Nissan faces SEC inquiry in wake of Carl Ghosn scandal
While Nissan has pointed the finger squarely at its ousted chair, the US regulator is questioning the carmaker’s disclosures on executive pay
Tokyo — Nissan on Monday said it was the target of a US Securities and Exchange Commission (SEC) inquiry, as the Japanese carmaker itself faces scrutiny in a financial scandal it has blamed on ousted chair Carlos Ghosn.
Nissan has said Ghosn, first arrested on November 19 for financial misconduct, masterminded various financial improprieties including under-reporting his income. Ghosn has denied wrongdoing.

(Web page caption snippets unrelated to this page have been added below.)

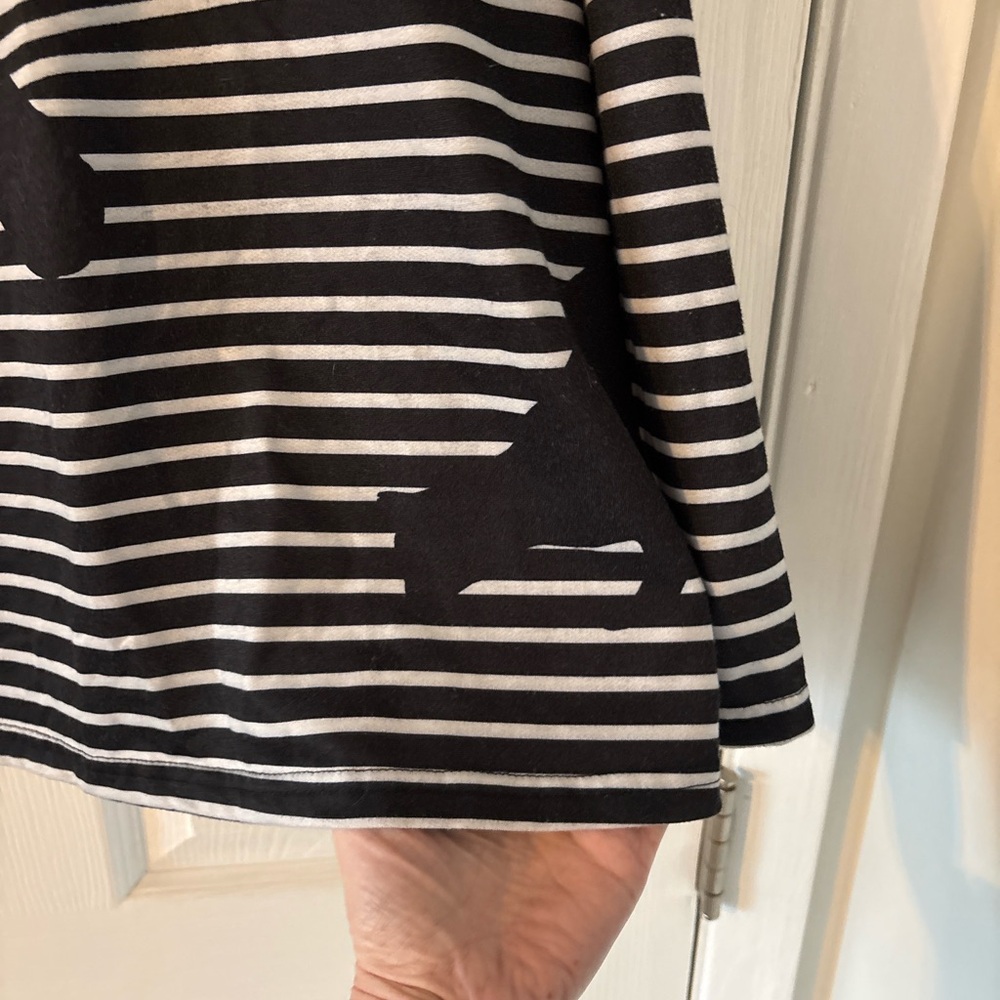 Misslook Black & White Striped Cat Graphic Long Sleeve Top – Size M - Picture 2 of 4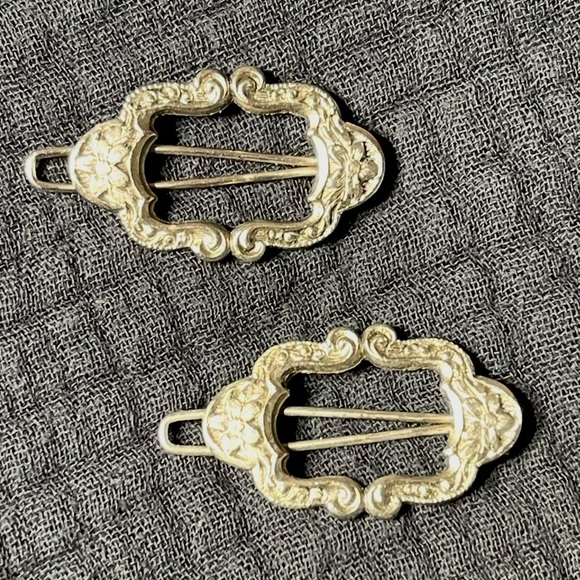 Vintage Accessories - Silver Tone Diminutive Floral Vintage Hair Barrettes Cottagecore Goodness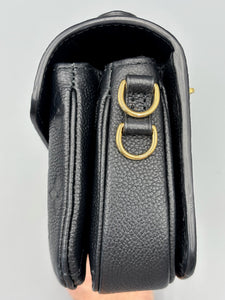 Louis Vuitton East West Pochette metis black empreinte monogram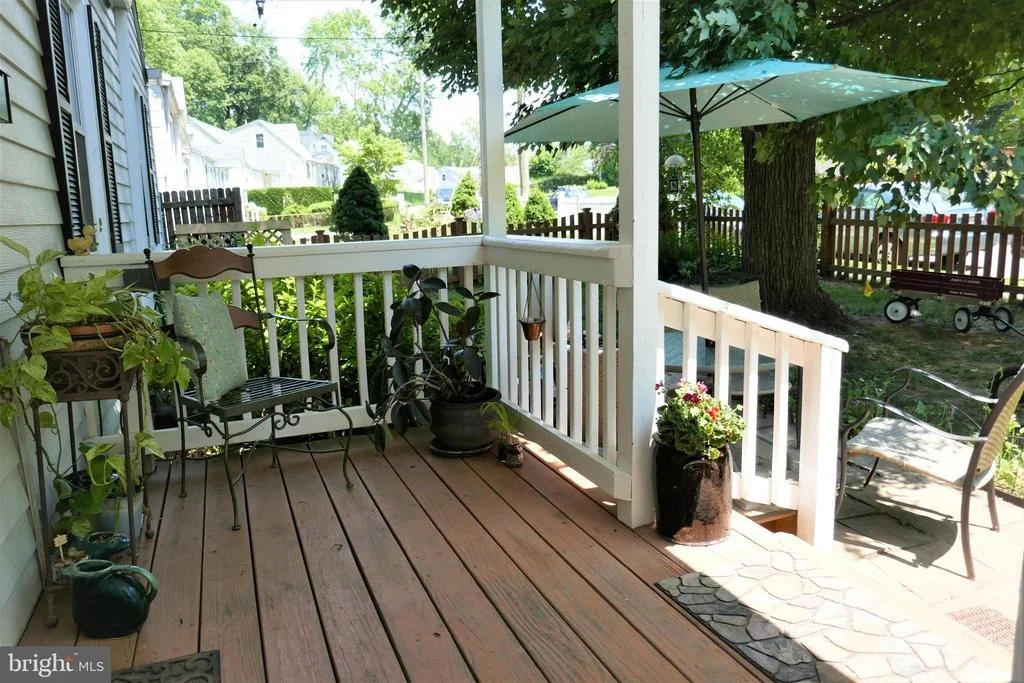 Photo of 2517 MASON STREET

Japanese prosecutors have charged Nissan along with Ghosn for under-reporting his pay, and Bloomberg earlier reported that the US regulator was investigating the company’s disclosures on executive pay.
Bloomberg, citing sources, said the SEC is examining whether the company maintained adequate controls to prevent improper payments.
Separately, the Wall Street Journal reported that the SEC also sent a request for information to Ghosn. A representative for Ghosn could not immediately be reached for comment.
A Nissan spokesperson confirmed the automaker received an inquiry from the US regulator, without giving further details. The SEC was not immediately available to comment on the matter.
Nissan shares fell 0.8% to ¥920.3, compared with a 0.6% decline in the Nikkei average.
Japanese companies have been the target of SEC inquiries before, including Toyota over its handling of safety problems. Nissan’s American Depositary Receipts trade in the US over-the-counter market.